If the medium is the message, is the bumper sticker the medium?

Earlier this year, I attended a non-eco event that necessitated a longish subway ride. My reading material for the ride (one of the great advantages of not driving) was Tim Jackson’s Prosperity Without Growth. Having since completed reading it, my copy is now littered with Post-it notes.

A friend attending the event looked at the book under my arm and asked, somewhat aghast, “why would you want prosperity without growth?” It took me a few seconds to grasp that that she thought the book was advocating financial prosperity over personal growth.

Easy enough to understand in retrospect, the reaction brings up one of the major stumbling blocks of EcoOptimism and of environmentalism generally: how do we not only convey the message, but put it in sound-biteable, appealing terms? Or put another way, where’s our version of Frank Luntz?

For better or worse, most environmentalists are liberals and it’s a truism that liberal goals don’t often translate well into catchy slogans. The earliest evidence of that I can remember was the Vietnam War era bumper sticker that read “America. Love it or leave it.” Why did we never see something like “America. Fix it or lose it?” Where’s the equivalent to “Guns don’t kill people. People do.” or “Drill, baby drill?”


 

 

 

 

 

 

 

Who’s got the better messaging?

I do recall — or perhaps I’m wishfully riffing on a Saturday Night Live line — bumper stickers that read “The Great Silent Majority is Neither.” (By the way, always fact check. When I looked up “the Holy Roman Empire was neither holy nor Roman nor an empire” just now, my dependency on pop culture was revealed.
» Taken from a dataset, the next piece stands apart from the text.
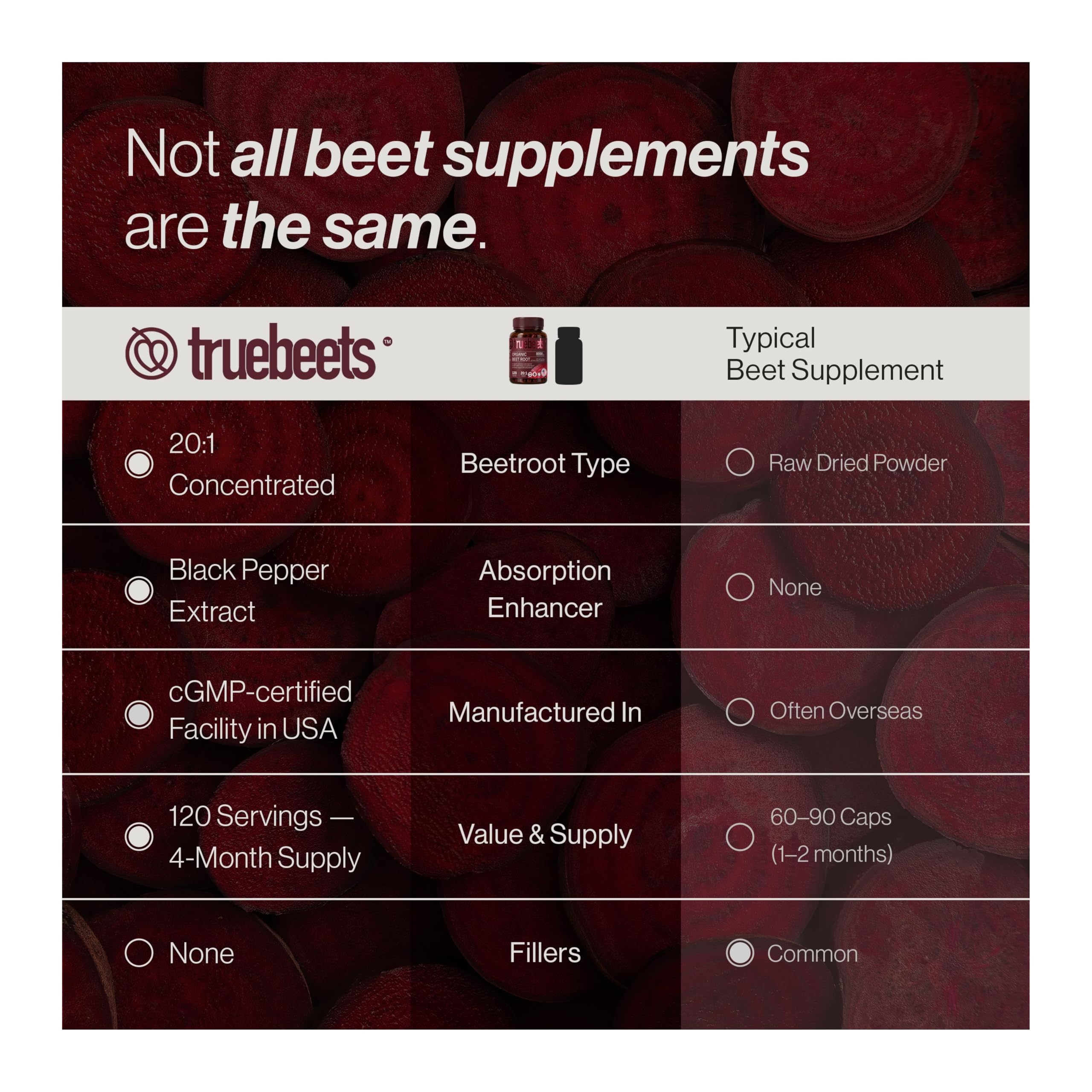 TRUE BEETS producto integrado en rutina matutina para conveniencia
Turns out it’s attributed to some dude named Voltaire, not Mike Myers.)

 

 

 

 

 

One of the relatively rare examples of a really catchy green slogan, “Don’t Mess with Texas” began as a statewide anti-littering campaign, as recently pointed out in “Making Green More Macho.” So successful, in fact, that it’s been adopted and transformed for other purposes.
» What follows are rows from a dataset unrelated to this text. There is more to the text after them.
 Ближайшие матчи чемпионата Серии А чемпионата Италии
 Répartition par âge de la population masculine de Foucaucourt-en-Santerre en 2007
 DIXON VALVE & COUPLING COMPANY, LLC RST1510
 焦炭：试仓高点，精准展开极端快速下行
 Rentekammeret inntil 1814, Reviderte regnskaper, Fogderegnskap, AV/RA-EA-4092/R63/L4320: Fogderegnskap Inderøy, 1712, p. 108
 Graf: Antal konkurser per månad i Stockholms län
I’ve had a few, probably lame, attempts at channeling my inner sloganeer. Since the day I signed up for Facebook (you know, eons ago), my “political views” have read “Tax Pollution, Not People.” Personally, I thought it was pretty catchy. But I’m still waiting for it to catch on.
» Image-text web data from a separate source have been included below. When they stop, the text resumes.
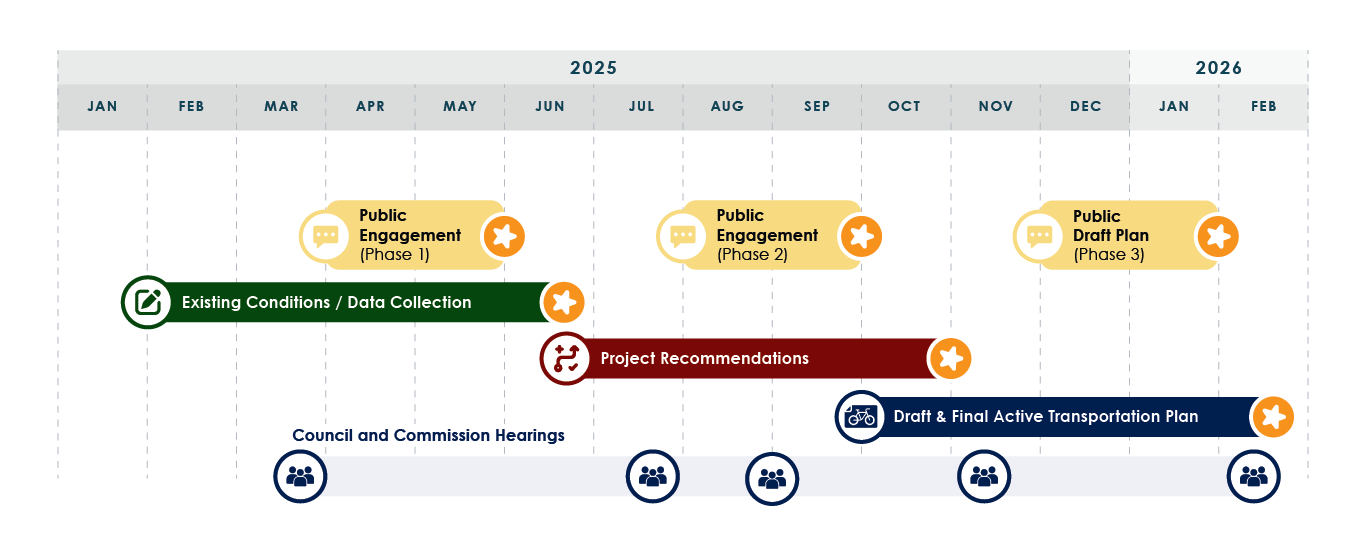 Graphic of project timeline (description follows)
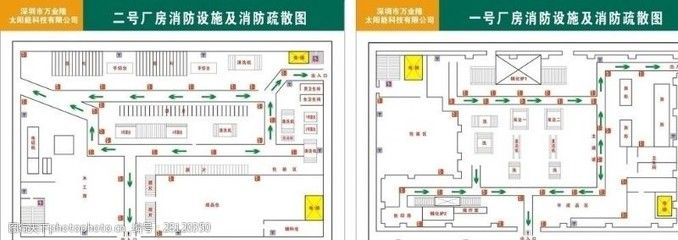 廠房消防設(shè)施配置要求 結(jié)構(gòu)砌體設(shè)計(jì) 第5張 廠房消防設(shè)施配置要求 結(jié)構(gòu)砌體設(shè)計(jì) 第5張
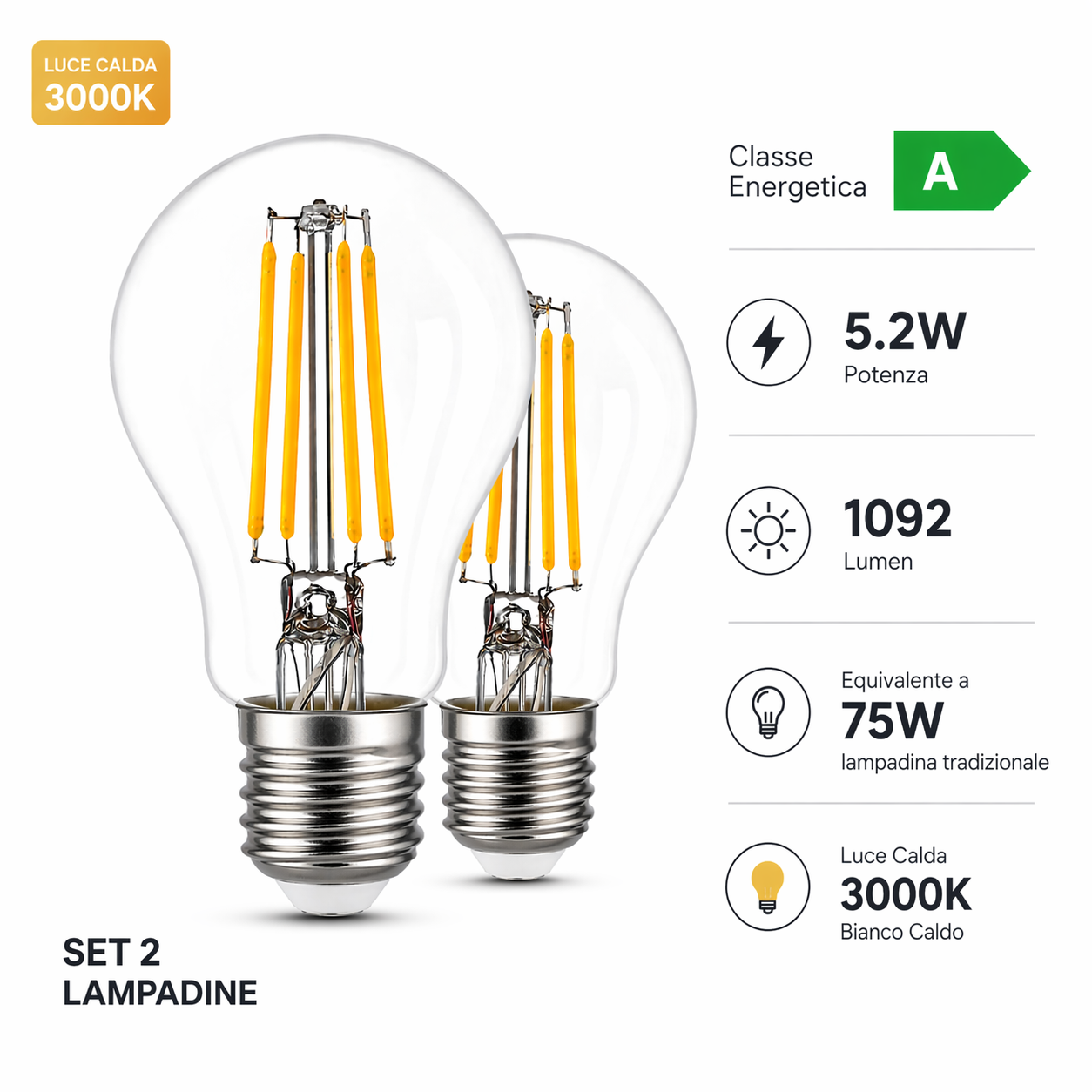 OMEGA Set 2 Lampadine Classe A E27 5.2W 1092LM  Ultra Efficienza 210 lm/W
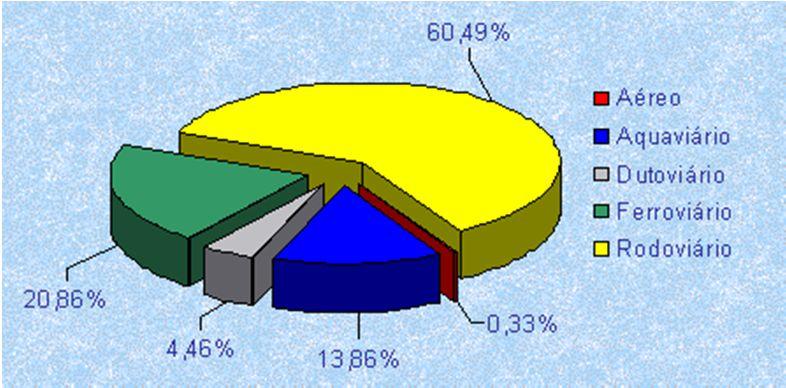 Transportes no Brasil participação por modal (Fonte: GEIPOT, 2000) Estratégias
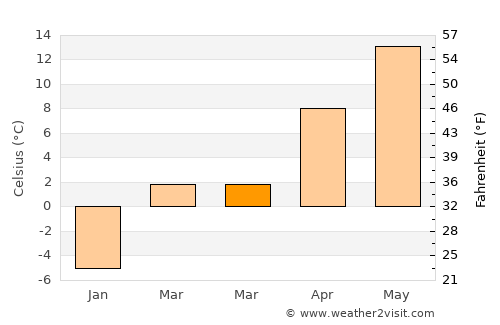 Paltin average temperature in March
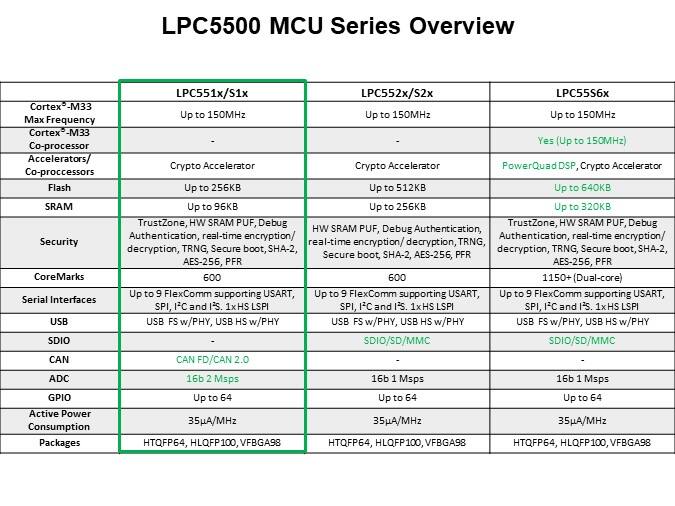 Image of NXP LPC551x/S1x Family of Arm® Cortex®-M33 based MCUs - Slide12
Can we/should we play the sound bite game? It’s tough to explain in a few short words why, for example, a growing GDP is probably not a good thing. Or why a carbon tax is. I think, though, it’s a game we can’t just opt out of, which means we have to play it better. (Please don’t make me use a sports metaphor.)

Enter your suggestions in the comments. And, by the way, as a non-car owner (I prefer the term car-free), I need to find a substitute for bumper stickers.

3 thoughts on “If the medium is the message, is the bumper sticker the medium?

  1. Lorne Craig

    The challenge with sloganeering is that the oversimplification and polarization of issues is part of the problem! Real cultural evolution is messy, incomplete and generally dissatisfying for most of the parties involved.
    BUT
    We are humans and respond to a quick, catchy phrase that sums it all up.
    So why not appeal to our innate senses of patriotism and injustice while subtly recognizing we have something to fix.

    I propose – “It’s time to stop trashing America.”

    Reply
  2. Rick Larson

    A person who doesn’t own a vehicle! Otherwise it is going to be hard to impress a soccer mom with a few kids, a mortgage, and a desire to help those kids integrate, with a slogan.